*Your instructions*:
Leave out the pictures and copy the remaining records exactly.

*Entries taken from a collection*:
*** Block opens ***
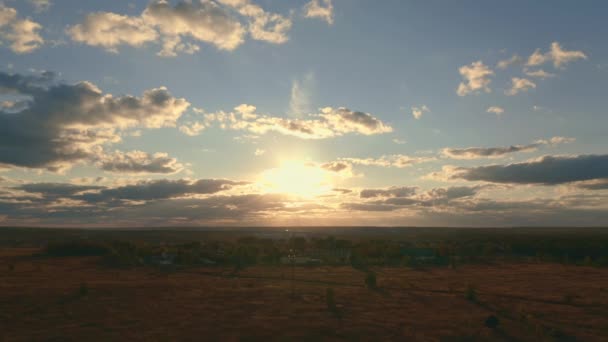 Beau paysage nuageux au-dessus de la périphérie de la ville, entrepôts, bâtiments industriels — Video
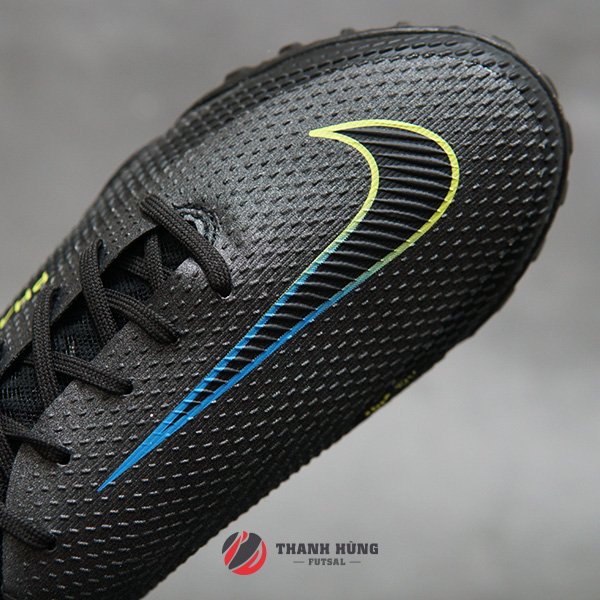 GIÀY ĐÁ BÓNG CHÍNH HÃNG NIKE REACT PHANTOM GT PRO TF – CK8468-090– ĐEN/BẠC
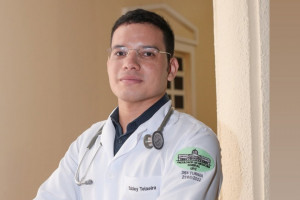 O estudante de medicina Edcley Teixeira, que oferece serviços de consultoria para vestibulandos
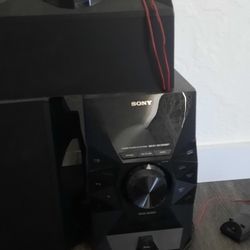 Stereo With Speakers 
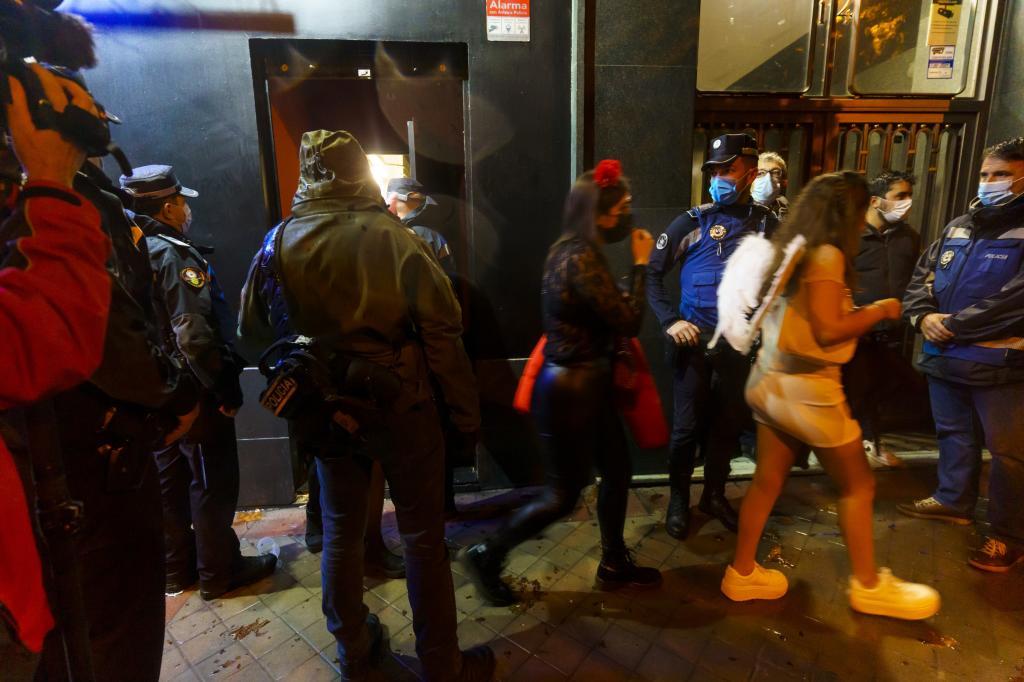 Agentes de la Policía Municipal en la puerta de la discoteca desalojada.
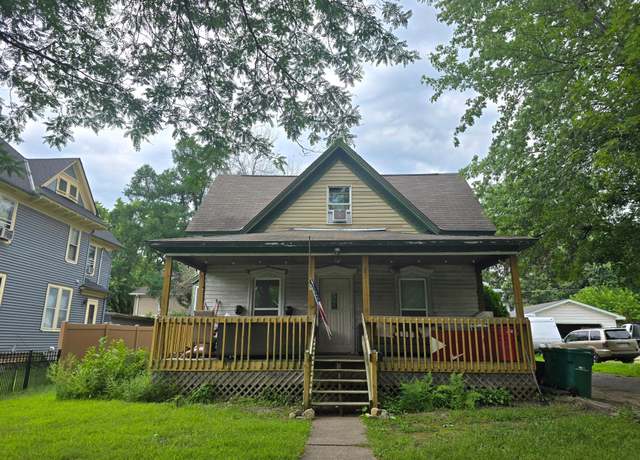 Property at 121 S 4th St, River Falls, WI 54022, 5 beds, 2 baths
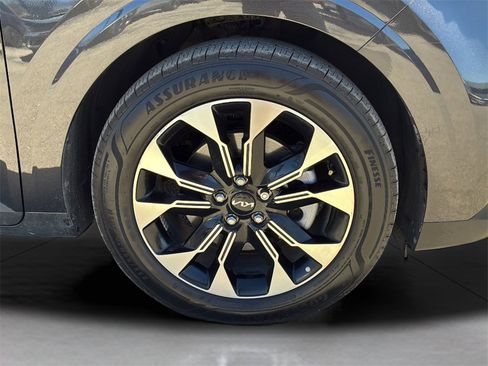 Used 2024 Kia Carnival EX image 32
*** Block closes ***
*Result below*:
 Beau paysage nuageux au-dessus de la périphérie de la ville, entrepôts, bâtiments industriels — Video
 GIÀY ĐÁ BÓNG CHÍNH HÃNG NIKE REACT PHANTOM GT PRO TF – CK8468-090– ĐEN/BẠC
 O estudante de medicina Edcley Teixeira, que oferece serviços de consultoria para vestibulandos
 Stereo With Speakers 
 Agentes de la Policía Municipal en la puerta de la discoteca desalojada.
 Property at 121 S 4th St, River Falls, WI 54022, 5 beds, 2 baths
 Used 2024 Kia Carnival EX image 32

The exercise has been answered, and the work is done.